Bobby Schindler, brother of the late Terri Schiavo who was starved to death by a hospital under court order in 2005, says there is a legal reality that should send shivers down all our spines.

According to Schindler, “it is presently legal in every state deliberately to bring about the end of a patient’s life by denying a nonterminal person food and water.” This is based on a precedent set by the Supreme Court in a 1986 case, where they declared that giving food and water to a patient is classified as “medical treatment” — not the most basic of necessities.

Earlier this year, state legislators in Oregon (which currently allows assisted suicide) passed a bill classifying hand-feeding of a patient who is unable to feed himself as “medical care” rather than the “basic and ordinary” care mandated by all medical ethical standards ever. The bill passed the state Senate 17-13 but was tabled in a House committee, so it’s dead — for now.

Schindler challenges the concept of the term “persistent vegetative state” — the diagnosis given to his sister Terri — as arbitrary and subjective and thus very troublesome.

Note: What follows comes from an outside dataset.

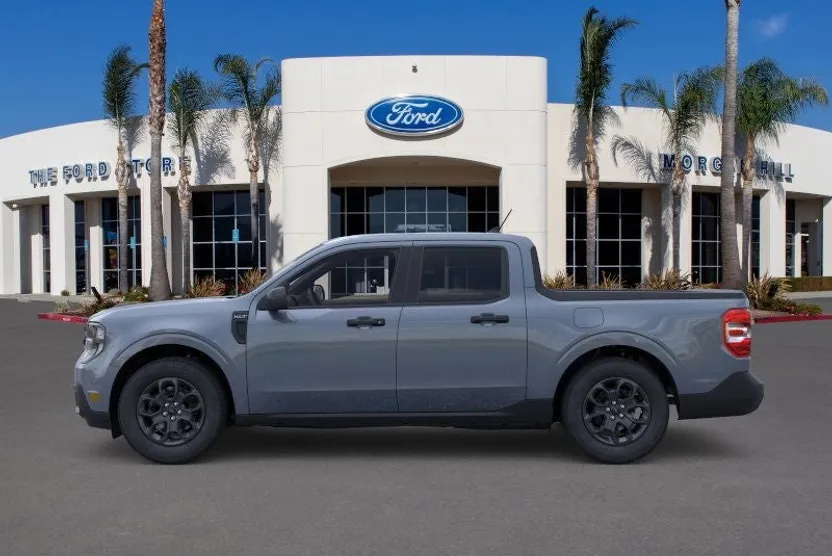 2025 Ford Maverick XLT photo 1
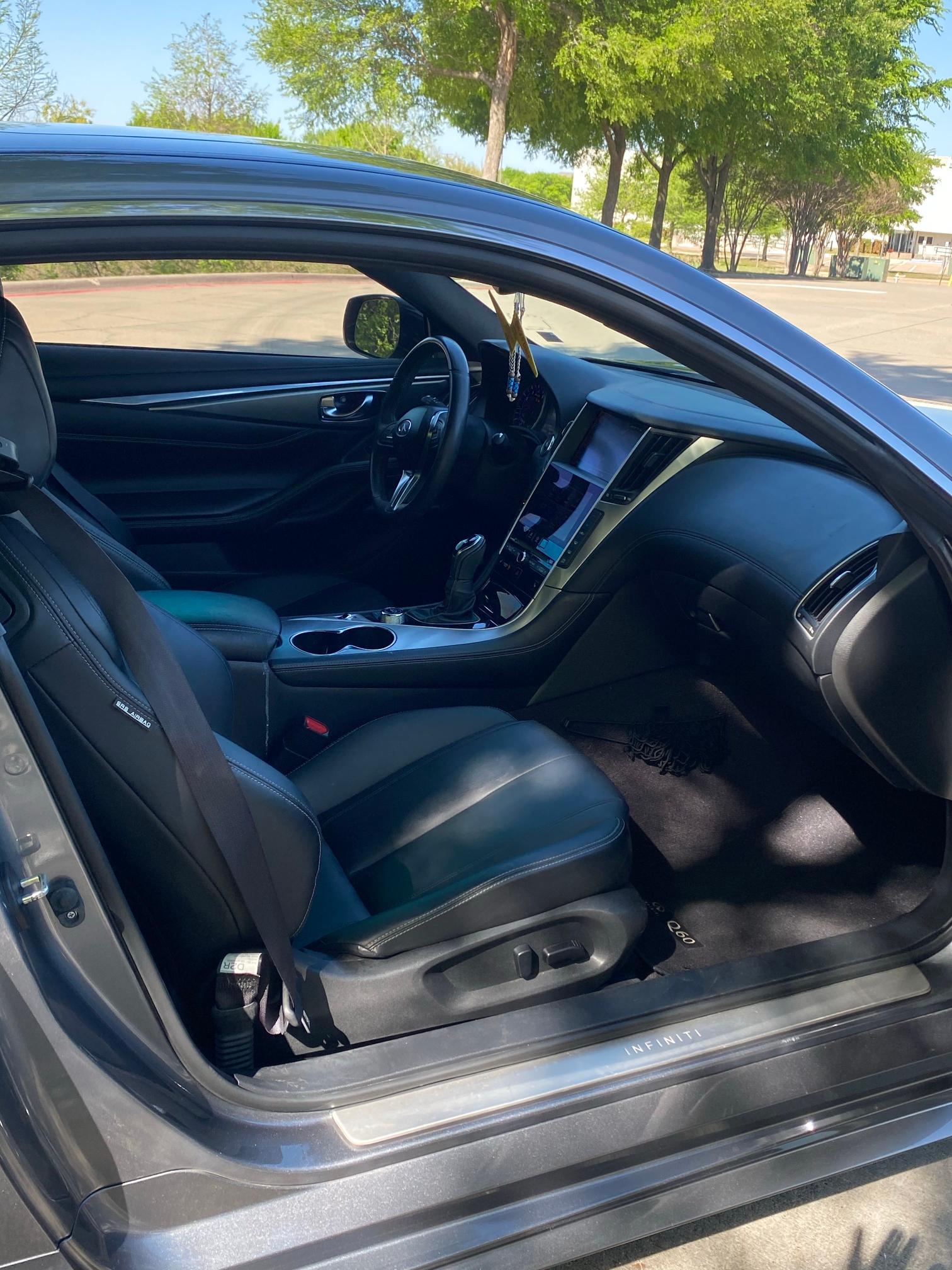 2017 INFINITI Q60 BASE JN1CV7EK9HM110571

People in a “vegetative” state have brain function, are anesthetized because they can probably feel pain, respond to stimuli, breathe on their own, and often have normal lifespans. And recent medical research and developments have revealed that “the brain has some capability to ‘rewire’ itself after experiencing catastrophic injury.”

Schindler suggests a better term would be “unresponsive wakefulness,” which describes the condition more accurately.

The full article is worth reading. It is both baffling and disturbing that lawmakers, with the backing of many “ethicists,” would try to declare that food and water are now considered a medical luxury and not a necessity.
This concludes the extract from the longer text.